Thursday, December 18, 2008

What to do with all this cash?

What would you do with a boatload of cash? Sit on it? Pay off some debt?

That's the good problem one reader asked me about earlier this week:

I am sitting on a decent amount of cash right now. I have some consumer (credit card) debt but at very low interest rates, like 1.9% and the highest 7.9%. I also have one zero rate card that I am going to pay off. I also have a car loan with about $15K left at about 6%.

I have twice as much cash as consumer debt and theoretically I could pay it all off today but that would leave no cushion. I've lost about 15% in the market - so not so bad compared to a lot of folks. I had been putting aside money for a [home] down payment, but [my job] is talking layoffs.

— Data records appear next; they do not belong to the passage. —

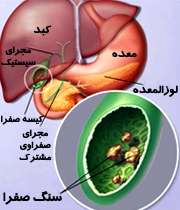 سنگ کیسه صفرا
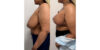 Breast Reduction case #6328 slider thumbnail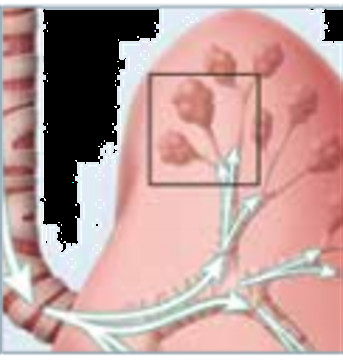 Portable Healthcare Vest Airway Clearance System Devices 220V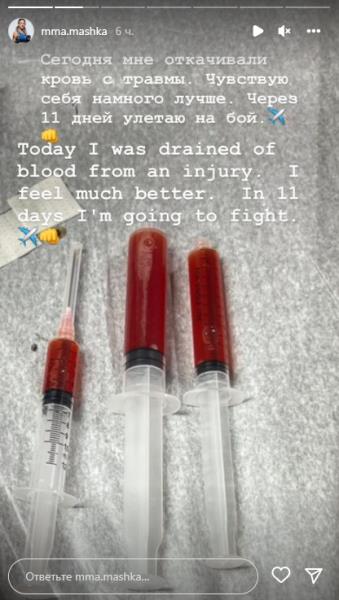 «Сегодня мне откачивали кровь». Казахстанская девушка-боец UFC показала последствия своей травмы. Фото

I don't think I'll be targeted…still I am cautious.

What would you do?


Well, since you asked: I wouldn't worry about the losses in the market that much, especially if the hits you've taken are in a retirement account and you're under age 40. You have time for those investments to come back from the grave.


As far as the cash, it's great that you have a lot of cash saved up (I wish I did!), but all that credit card debt isn't good. Take a glass-half-empty approach: on one hand, you have twice as much cash as you do debt. On the other, if you're laid, off you could wind up spending half your cash reserves on debt, leaving you with much less of a cushion than it looks like you have.

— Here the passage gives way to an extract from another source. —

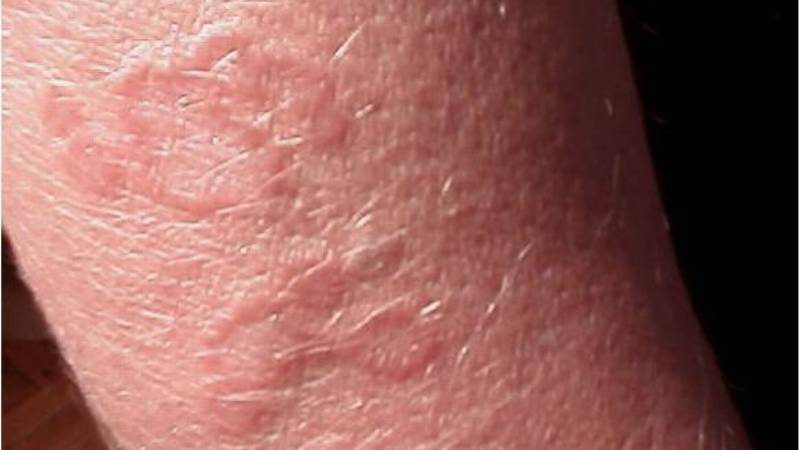 Токсокароз кожи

What I'd do is find a comfortable balance between paying off as much of the credit card debt as you can while keeping six months to a year of cash in case your job gets funky. If possible, pay off the highest-rate card completely, keeping in mind that credit card companies are under duress and are jacking up rates even on good customers these days.


Don't worry about the car note since as long as you're making regular payments and not falling behind, the lender can't jack up the rate. Lastly, start putting your feelers out about a new gig! If you're safe, that's good, but knowing your organization is shrinking should be motivation enough to see what else is out there, just in case.


Good luck.







1 comment:

Mary said...

Score 1 for the consumer

Credit card crackdown OK’d
Posted: 04:10 PM ET

By Jessica Dickler
CNNMoney.com staff writer
NEW YORK (CNNMoney.com) — Cash-strapped consumers got some welcome news Thursday when regulators voted to rein in controversial credit card practices.

The Federal Reserve Board, the Office of Thrift Supervision and the National Credit Union Administration, all approved the regulation, which is expected to take effect by July 2010.

The rules prohibit banks from practices such as raising the interest rates on pre-existing credit card balances unless a payment is over 30 days late, and applying payments in a way that maximizes interest penalties. They also mark an end to double-cycle billing, which averages out the balance from two previous bills. That means that consumers who carry a balance will no longer get hit with retroactive interest on their previous month’s bill.

Consumers will also be given a reasonable amount of time to make payments, and payments will be applied to higher-rate balances first, to reduce interest penalties and fees. Credit card statements will clearly list the time of day that a payment is due, and any changes to accounts will be in bold or listed separately.

And, finally, no more universal defaults — a policy that allowed credit card issuers to increase the interest rate on one card if a customer missed a payment on another card.